Big companies do hire psychology PhDs since a decade or so scpecifically to design ingame shops, lootboxes, BPs, and all those shiny buttons in free to pay games to make em addictive. It’s not a big conspiracy theory, the job offers are all around the web.

If you wish to completely dismiss my life experience in order to keep your conspiracy held tightly together…you’re messing with the wrong person.

'm not dissing your life experience, I just don’t need lessons on addictions, grew up with an heroin addict and an alcoholic, I see exactly what it does to people.
I also got a coworker who’s dumping a solid half of his paycheck in horse races and soccer bets every month, and that’s just as much an addiction as being a drug addict. Does the same thing to your brain’s reward circuit (fuck it up).

Now we could argue that the cost of being addicted to a poison is different than the cost of being addicted to dumping money in casinos and lootboxes if you want to, I’d definitely agree.

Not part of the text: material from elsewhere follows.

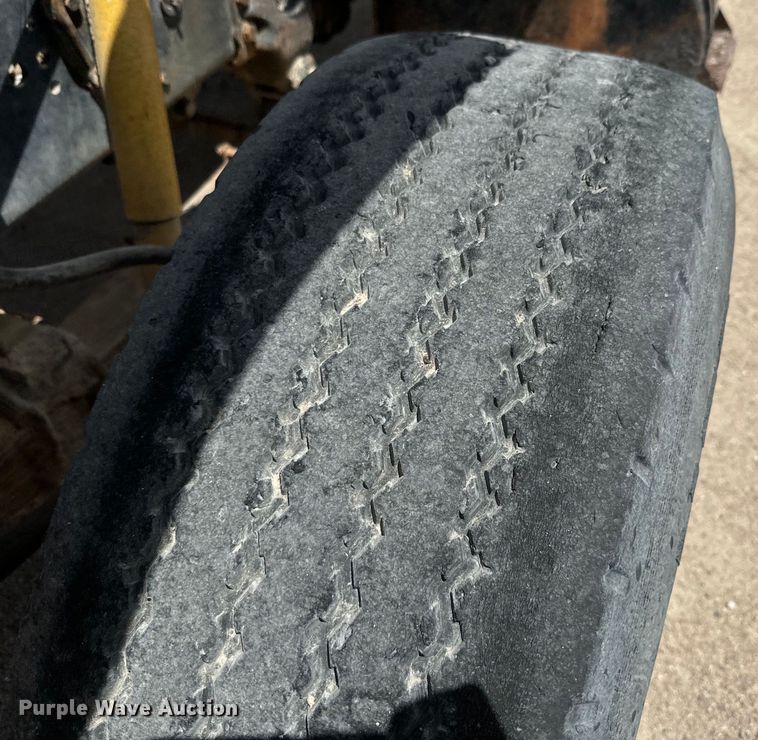 image for item DN3252 1989 Ford LT9000 dump truck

dissing and dismissing are 2 completely different words. I said “dismiss” and yes you are. Moving on. You’re also misconstruing the point of my comment. I WAS a 30 addict. sober now 7 years. this game does not trigger any of my addictive behaviors. I may be just one but I am real and representative that your idea of how it all works is, quite possibly, wrong. very wrong.

It was a mistake on my part, I’m not a native and sometimes mess up words or use a similar sounding one. Mean’t dismissing obviously, sorry for the confusion.

I’m smoking weed since 15 years and my brain erupts when I open a can of coke after 1 month without sugar, this game doesn’t trigger any of my addictive tendencies either. Never been into bets, I’m more of a druggie myself. Which is why I stay away from the hardcore stuff -___-
(before anyone tells me rats go for sugar > coke any chance they get, I’m trying to go easy on that one, okay? :’^) )

okay, so by your own admission, then, why spout something you know not to be true? (that’s a rhetorical question).

Addicts act like addicts, it doesn’t matter what game they play XO or not. Sobering up from addiction is hard and getting lost in a game just makes it harder. But, fact is, the game and it’s developers are not the source of the addicts problems. Ergo, do not deserve to be blamed or talked about like that.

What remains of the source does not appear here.